## PROBLEM DESCRIPTION
Once the line with "Here's the magnified" is found in the entries below, print it and each following line exactly, stopping after the line with "Hi friends, welcome"; print nothing else.

## TASK DATA
________________________

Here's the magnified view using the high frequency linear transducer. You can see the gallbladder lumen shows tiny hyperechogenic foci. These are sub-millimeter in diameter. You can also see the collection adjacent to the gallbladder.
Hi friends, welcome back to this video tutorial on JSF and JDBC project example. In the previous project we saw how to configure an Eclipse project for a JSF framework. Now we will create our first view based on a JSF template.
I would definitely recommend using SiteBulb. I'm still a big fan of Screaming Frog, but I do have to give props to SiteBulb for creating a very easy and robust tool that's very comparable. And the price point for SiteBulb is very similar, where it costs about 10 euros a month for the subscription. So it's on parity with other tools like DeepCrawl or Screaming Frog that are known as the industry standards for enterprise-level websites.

________________________

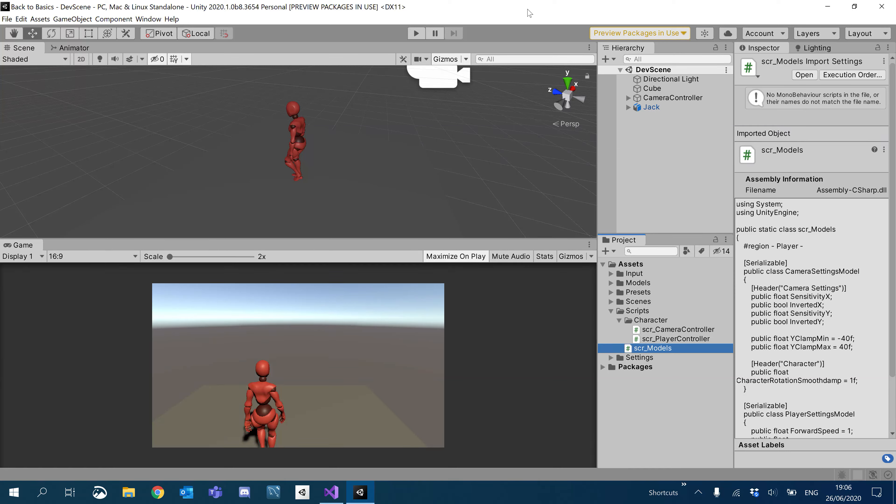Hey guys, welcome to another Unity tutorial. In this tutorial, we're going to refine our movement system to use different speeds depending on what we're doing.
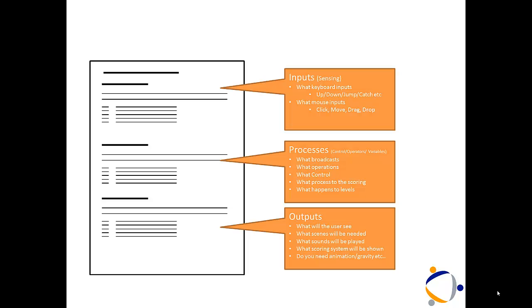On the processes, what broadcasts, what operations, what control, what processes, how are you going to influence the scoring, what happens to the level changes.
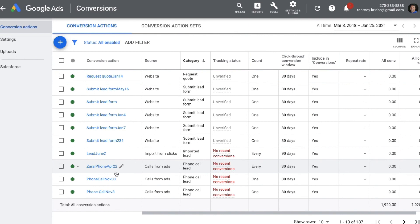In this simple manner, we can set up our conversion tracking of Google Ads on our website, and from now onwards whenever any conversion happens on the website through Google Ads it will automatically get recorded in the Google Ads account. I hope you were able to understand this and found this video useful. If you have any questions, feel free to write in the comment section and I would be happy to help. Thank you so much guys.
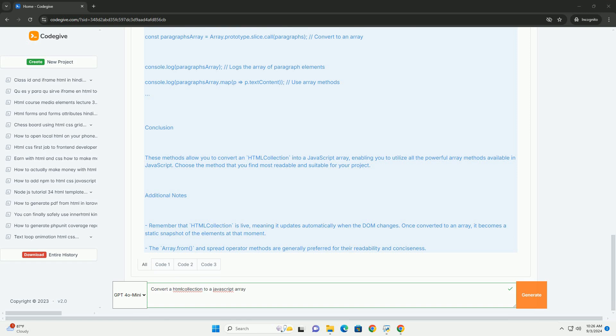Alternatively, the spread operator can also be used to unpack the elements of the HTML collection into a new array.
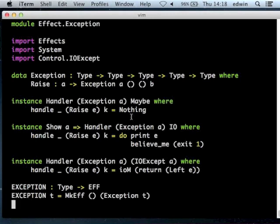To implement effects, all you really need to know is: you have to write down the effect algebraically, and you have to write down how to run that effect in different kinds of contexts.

________________________

## EXERCISE RESPONSE
Here's the magnified view using the high frequency linear transducer. You can see the gallbladder lumen shows tiny hyperechogenic foci. These are sub-millimeter in diameter. You can also see the collection adjacent to the gallbladder.
Hi friends, welcome back to this video tutorial on JSF and JDBC project example. In the previous project we saw how to configure an Eclipse project for a JSF framework. Now we will create our first view based on a JSF template.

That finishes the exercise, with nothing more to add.